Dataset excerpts
....

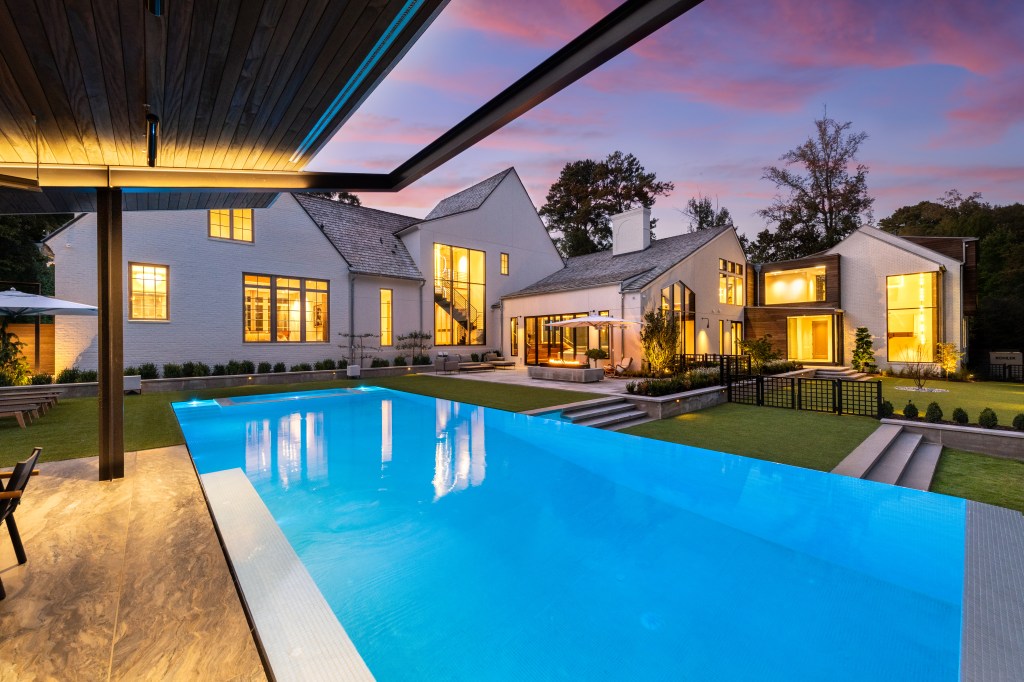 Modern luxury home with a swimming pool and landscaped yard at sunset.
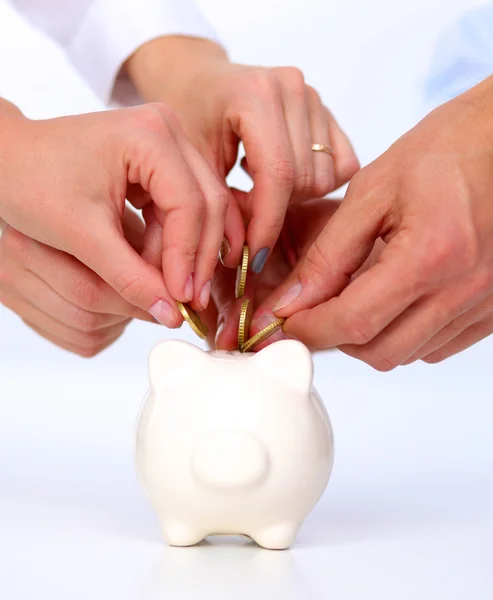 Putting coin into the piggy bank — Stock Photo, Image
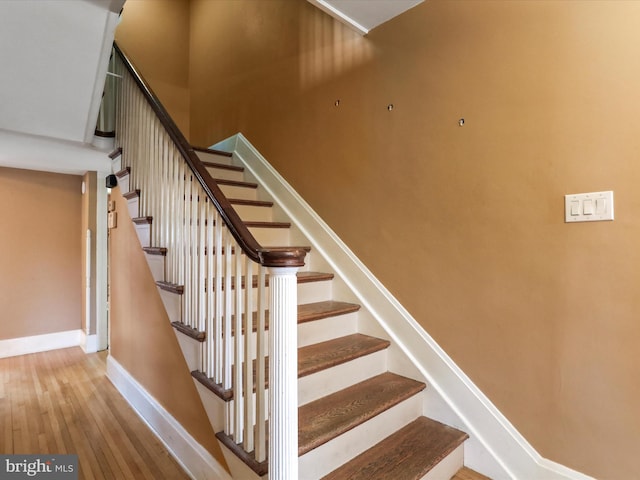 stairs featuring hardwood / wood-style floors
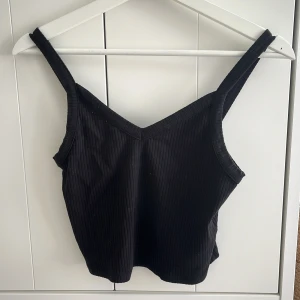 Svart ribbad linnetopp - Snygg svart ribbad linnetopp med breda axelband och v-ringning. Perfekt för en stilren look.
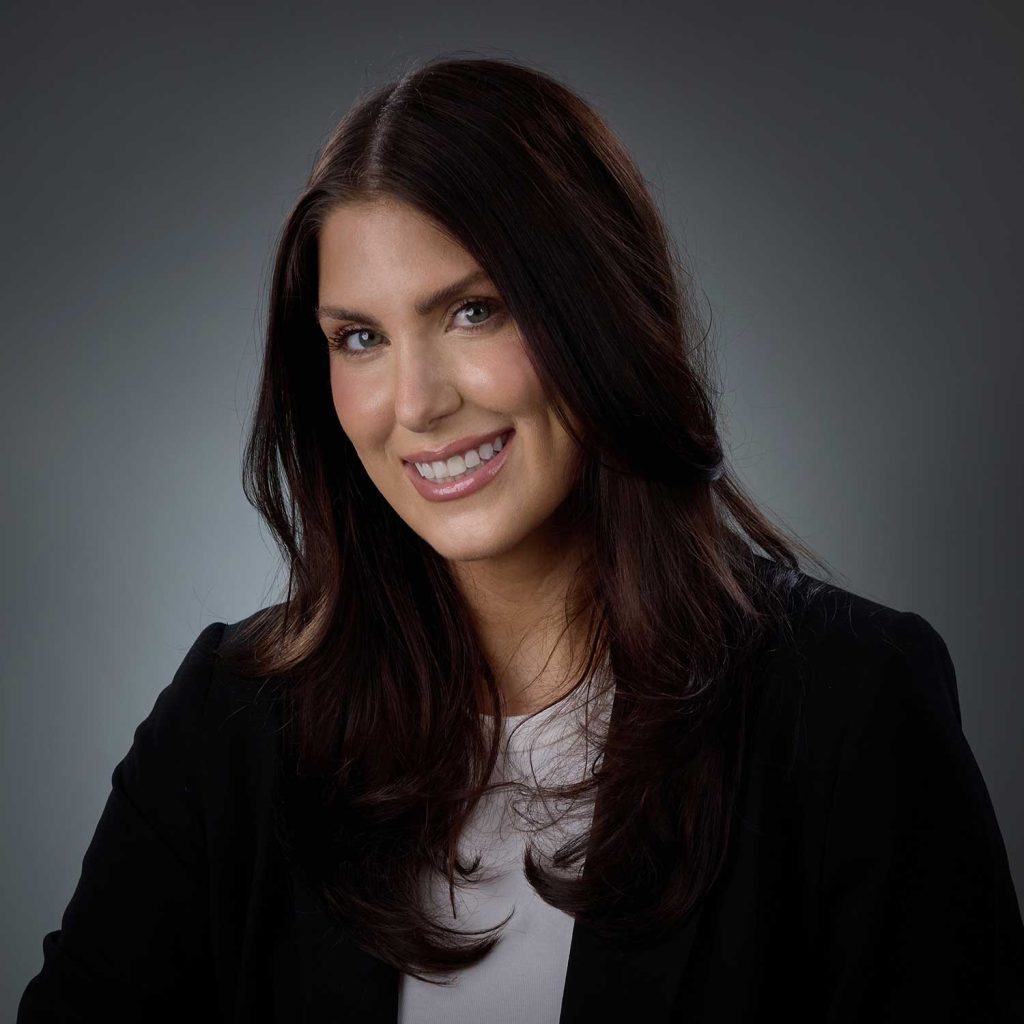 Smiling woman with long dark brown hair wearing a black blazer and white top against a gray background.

....

About this exercise -
Without including a single picture, restate all of the data word for word.

Answer section -
 Modern luxury home with a swimming pool and landscaped yard at sunset.
 Putting coin into the piggy bank — Stock Photo, Image
 stairs featuring hardwood / wood-style floors
 Svart ribbad linnetopp - Snygg svart ribbad linnetopp med breda axelband och v-ringning. Perfekt för en stilren look.
 Smiling woman with long dark brown hair wearing a black blazer and white top against a gray background.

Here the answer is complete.